It also said the detainees must be given “access to give contact and to be contacted by UNHCR”.
The following month, in March, the Manipur government sent a team of three state ministers to Moreh to study an area where a “shelter home” was proposed for Myanmar refugees. A site was selected and the land was cleared.
Parallely, some refugees asked the state government for refugee cards, health facilities and education for their children. According to lawyers and activists, they told the government they would return to Myanmar once peace was restored.
But then the ethnic conflict began in Manipur, and all plans and projects came to a standstill. The “shelter home” was never built.
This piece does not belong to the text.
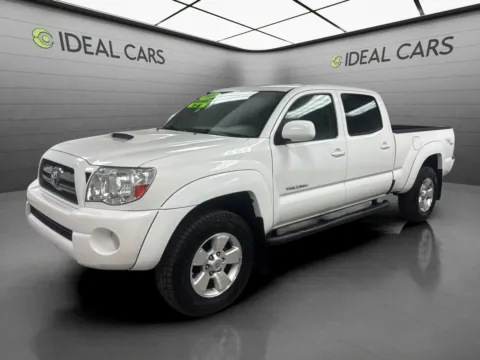 White 2009 Toyota Tacoma PreRunner V6 for sale in Apache Junction, AZ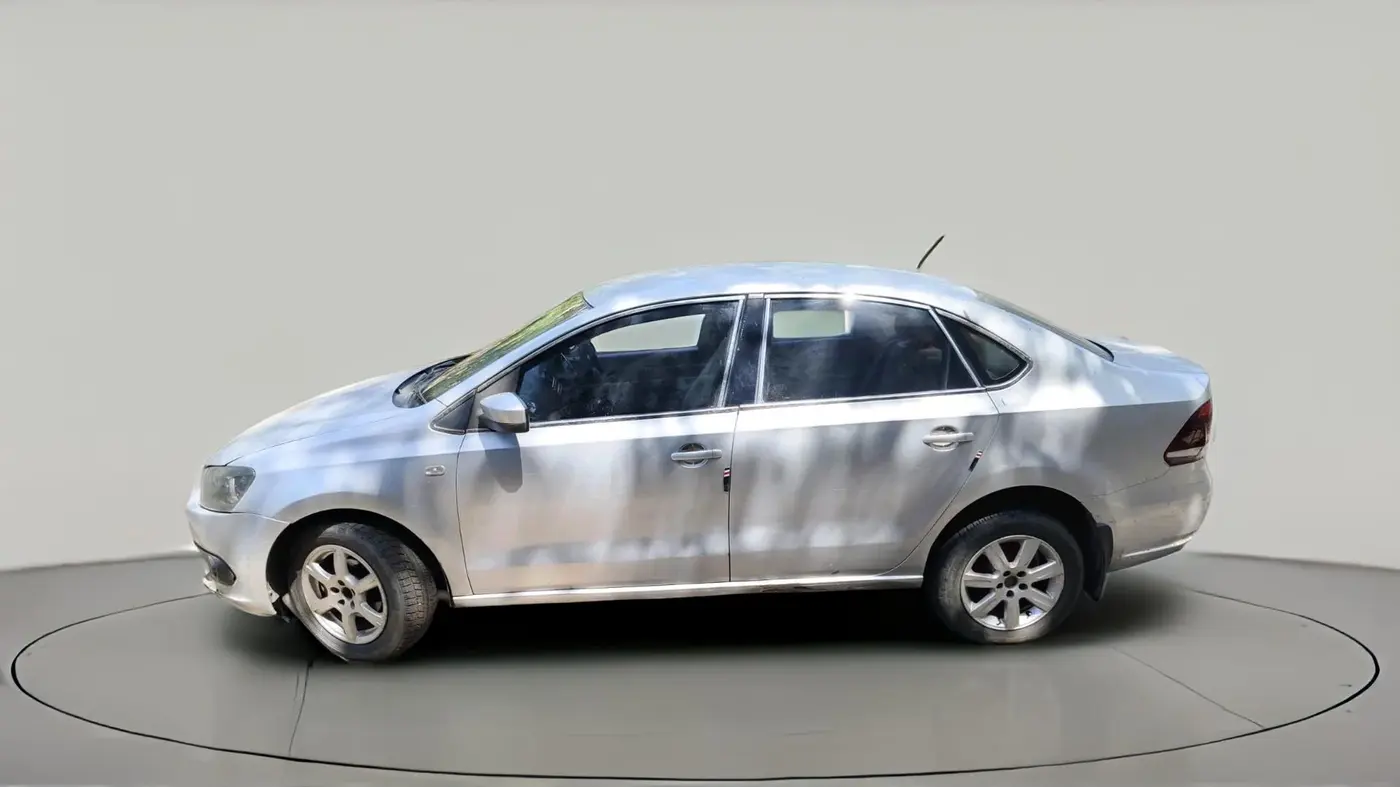 2014 Volkswagen Vento HIGHLINE DIESEL 1.6, Diesel, Manual, 1,14,011 km, exterior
Dr Myo, the president of the Burmese Refugees Committee of Kabaw Valley, which is where most of the refugees are from, told Newslaundry the families and childrens of the detainees still in jail are “struggling to survive”.
“Manipur has been witnessing a very disturbed situation for almost two months. The government can no longer guarantee the safety of the detainees,” he said. “On humanitarian grounds, we would like to request the government of India to release the arrested Burmese refugees as soon as possible.”
In February this year, Manipur chief minister N Biren Singh said the state has 393 “illegal migrants” from Myanmar of which one was deported, 107 are in judicial custody, 105 at detention centres, and 180 released on bail.
Loitongbam stressed that there is an important difference between “illegal immigrants” and refugees or asylum-seekers. “The first category comprises those who migrated for economic purposes while the latter seek refuge to escape persecution. Conflating the two categories is problematic.”
He also said the Manipur government has not been consistent on the refugee issue, unlike neighbouring Mizoram, and the lack of a refugee policy is adding to their woes.
“In India, Myanmar refugees are dealt with by the UNHCR but its office is in Delhi,” Loitongbam pointed out, “not in Mizoram or Manipur where the vast majority is housed. Travelling to Delhi is impossible for most refugees.”